It's no surprise that cellphone and smartphone technology has connected us with, well, just about everything. So, no wonder that hearing aids have become more hi-tech and smartphone-connected, too.
"The technology available for hearing amplification has improved dramatically in the last few years," says Mayo Clinic Health System audiologist Dr. Cynthia See, Au.D, who joined Winneshiek Medical Center last spring. "If patients have smartphones, there are hearing aids that connect through an app (a software application)."
Brenda Dietiker, a patient of Dr.
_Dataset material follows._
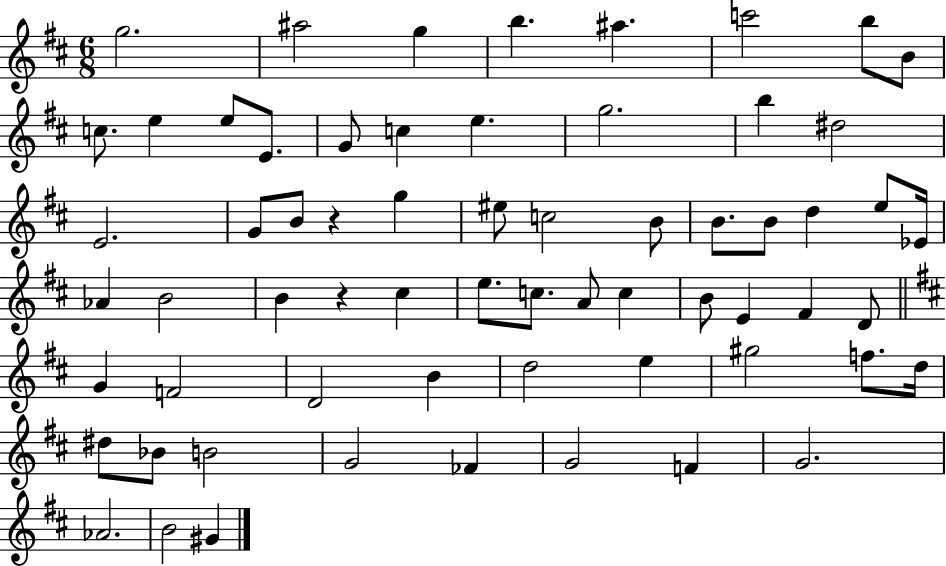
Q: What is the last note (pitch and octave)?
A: G#4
See, is one who came on board with smartphone/app technology. She can adjust her hearing aids to the level she wants through her smartphone. If there's a place she likes to go – maybe a certain restaurant – she'll set the necessary amplification levels, then save the settings. The next time she goes there, she chooses that option on her smartphone and the hearing aids automatically adjust to those levels. Dietiker says she has different settings for home, office, grocery store, car – "anywhere I go." The technology also allows the user to geo-tag locations, so the hearing aids automatically adjust when going from one location to another.
Calvin Trepp, owner of Audibel stores in Decorah, Mason City, Charles City and New Hampton, says smartphone/app technology is just getting started. Older hearing aids may not connect to the new smartphones without an assisting device, if at all, since Bluetooth makes the wireless connection, he says. He sees the greatest benefit of the new technology for business folks who are on the phone a lot, like one of his customers, a 54-year-old farmer who is using the new app.
Dr. See adds that if a patient is not interested in going the smartphone route, there are other options that provide "clear, crisp hearing," and together, the patient and specialist can decide what is right for them. "The smartphone app is incredibly simple to use," says Dr. See. "But if my patients have trouble, I will help them understand how to make the adjustments. You don't have to be a technology-whiz for the hearing aids to work for you."